[Scraped caption text data]
━━━━
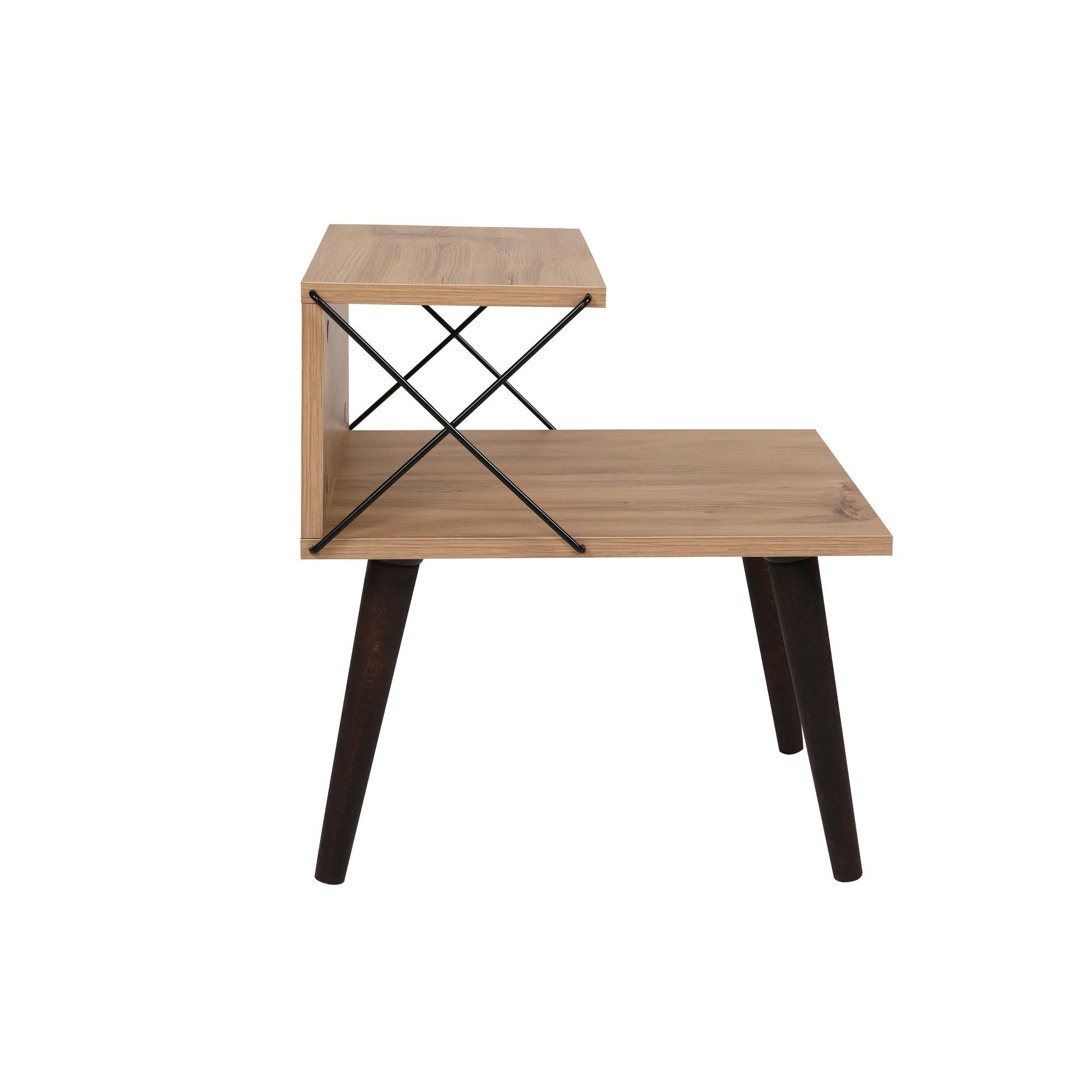 Habitat y Jardin - Mesilla de noche de madera "Cross" 50 x 40 x 55 cm - Pino
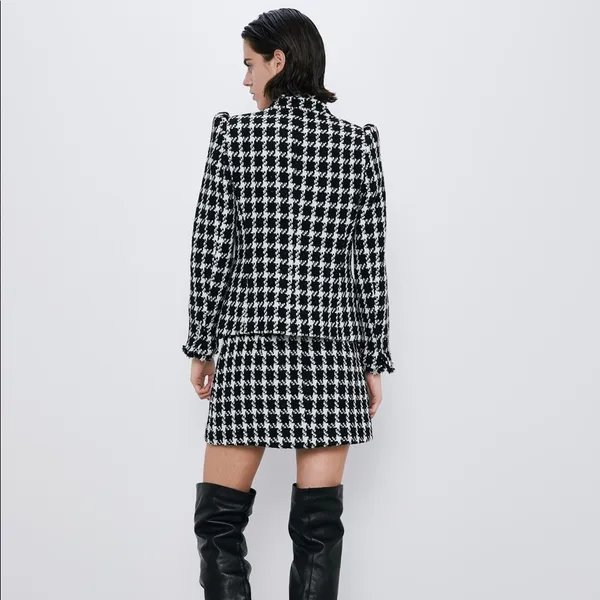 Zara TEXTURED TWEETED Houndstooth Blazer w/POCKETS BLACK/WHITE NEW - Image 12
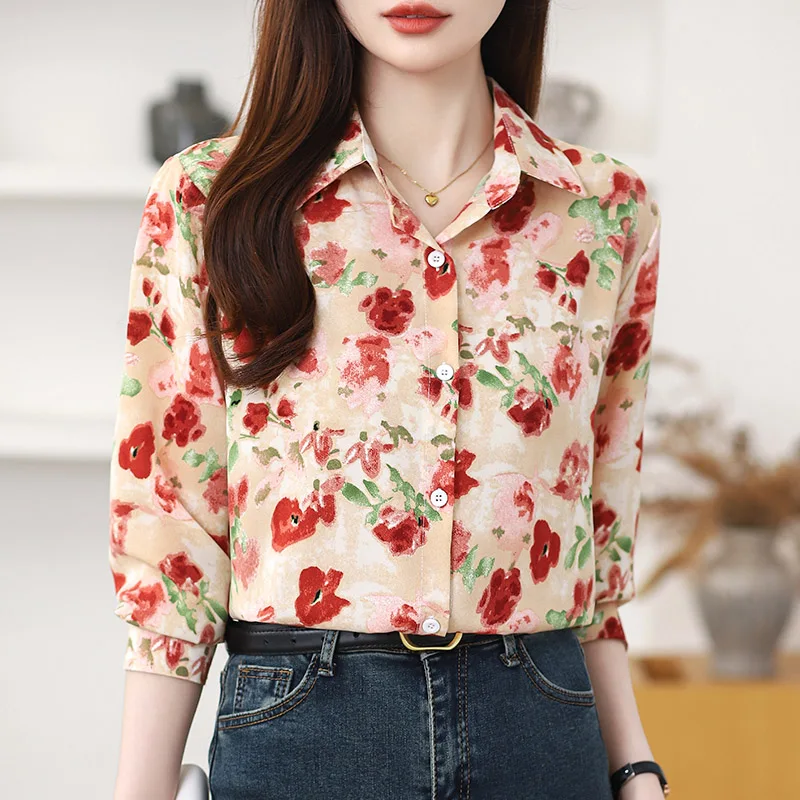 Women Clothing Chic Vintage Floral Printing Shirt Spring Autumn Casual Loose Turn-down Collar Long Sleeve Blouses Fashion Tops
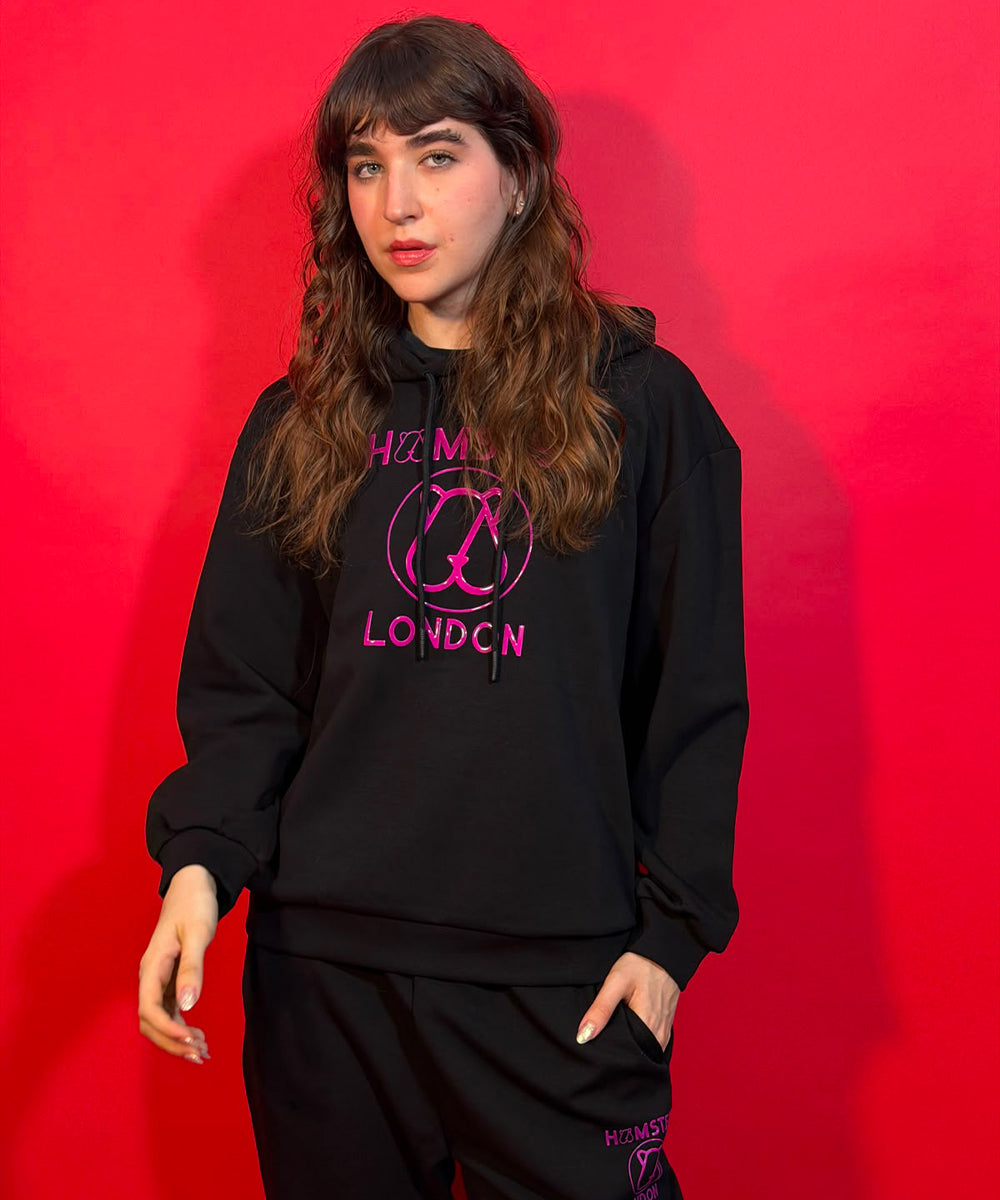 Hamster London Teddy Neon Hoodie Coord Set Black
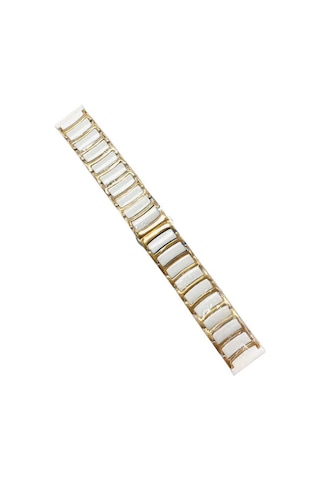 Samsung Uyumlu Galaxy Watch 46mm 22mm Seramik Metal Frm Kordon Beyaz-gold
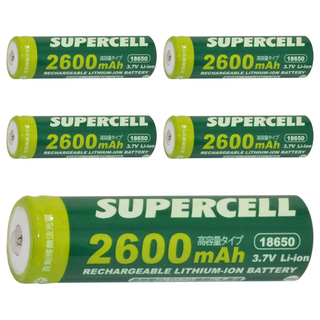 SUPERCELL 超電王 2600mAh鋰充電池 SC-18650B 3.7V, 5個, 1入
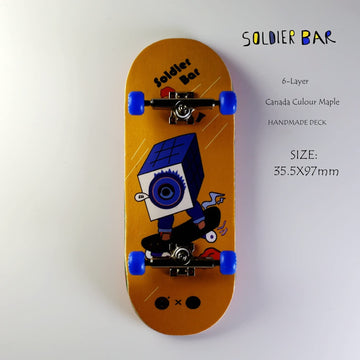 SOLDIER BAR Fingerboards Complete Colour Maple Handmade Wooden Fingerboards (Update Slivery King Trucks, Handmade Blue Wheels) Magic Cube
━━━━
## What to work on
Where the line containing "Hamster London Teddy" appears above, start there and set down each line exactly through the last line of the data; leave out every picture.

## Solution to this exercise
 Hamster London Teddy Neon Hoodie Coord Set Black
 Samsung Uyumlu Galaxy Watch 46mm 22mm Seramik Metal Frm Kordon Beyaz-gold
 SUPERCELL 超電王 2600mAh鋰充電池 SC-18650B 3.7V, 5個, 1入
 SOLDIER BAR Fingerboards Complete Colour Maple Handmade Wooden Fingerboards (Update Slivery King Trucks, Handmade Blue Wheels) Magic Cube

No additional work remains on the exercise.